# [Task to complete]
The listing below holds a line with "De nombreux kayaks" and a line with "Tiffany & Co Iconic lock bracelet". Reproduce those two lines exactly, plus everything between them.

:::

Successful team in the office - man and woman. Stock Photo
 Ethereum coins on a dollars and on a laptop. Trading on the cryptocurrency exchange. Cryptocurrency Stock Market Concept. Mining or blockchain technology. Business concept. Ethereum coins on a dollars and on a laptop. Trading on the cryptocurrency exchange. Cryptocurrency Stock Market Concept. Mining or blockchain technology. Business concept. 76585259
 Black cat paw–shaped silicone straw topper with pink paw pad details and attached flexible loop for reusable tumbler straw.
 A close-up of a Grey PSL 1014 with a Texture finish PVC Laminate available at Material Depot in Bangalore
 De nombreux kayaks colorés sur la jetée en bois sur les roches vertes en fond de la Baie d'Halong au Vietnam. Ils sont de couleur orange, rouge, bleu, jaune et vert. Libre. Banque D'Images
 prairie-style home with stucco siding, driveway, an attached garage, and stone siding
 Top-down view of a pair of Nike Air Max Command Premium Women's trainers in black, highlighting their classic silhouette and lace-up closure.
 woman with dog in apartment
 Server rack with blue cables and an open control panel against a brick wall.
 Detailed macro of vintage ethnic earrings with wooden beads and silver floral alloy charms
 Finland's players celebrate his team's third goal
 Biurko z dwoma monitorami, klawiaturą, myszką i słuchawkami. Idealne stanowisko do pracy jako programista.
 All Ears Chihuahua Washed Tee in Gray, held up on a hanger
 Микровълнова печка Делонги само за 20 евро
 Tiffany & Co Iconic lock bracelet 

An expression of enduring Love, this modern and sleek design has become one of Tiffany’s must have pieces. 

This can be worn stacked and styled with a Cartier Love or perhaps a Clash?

:::

# [Result of this task]
 De nombreux kayaks colorés sur la jetée en bois sur les roches vertes en fond de la Baie d'Halong au Vietnam. Ils sont de couleur orange, rouge, bleu, jaune et vert. Libre. Banque D'Images
 prairie-style home with stucco siding, driveway, an attached garage, and stone siding
 Top-down view of a pair of Nike Air Max Command Premium Women's trainers in black, highlighting their classic silhouette and lace-up closure.
 woman with dog in apartment
 Server rack with blue cables and an open control panel against a brick wall.
 Detailed macro of vintage ethnic earrings with wooden beads and silver floral alloy charms
 Finland's players celebrate his team's third goal
 Biurko z dwoma monitorami, klawiaturą, myszką i słuchawkami. Idealne stanowisko do pracy jako programista.
 All Ears Chihuahua Washed Tee in Gray, held up on a hanger
 Микровълнова печка Делонги само за 20 евро
 Tiffany & Co Iconic lock bracelet 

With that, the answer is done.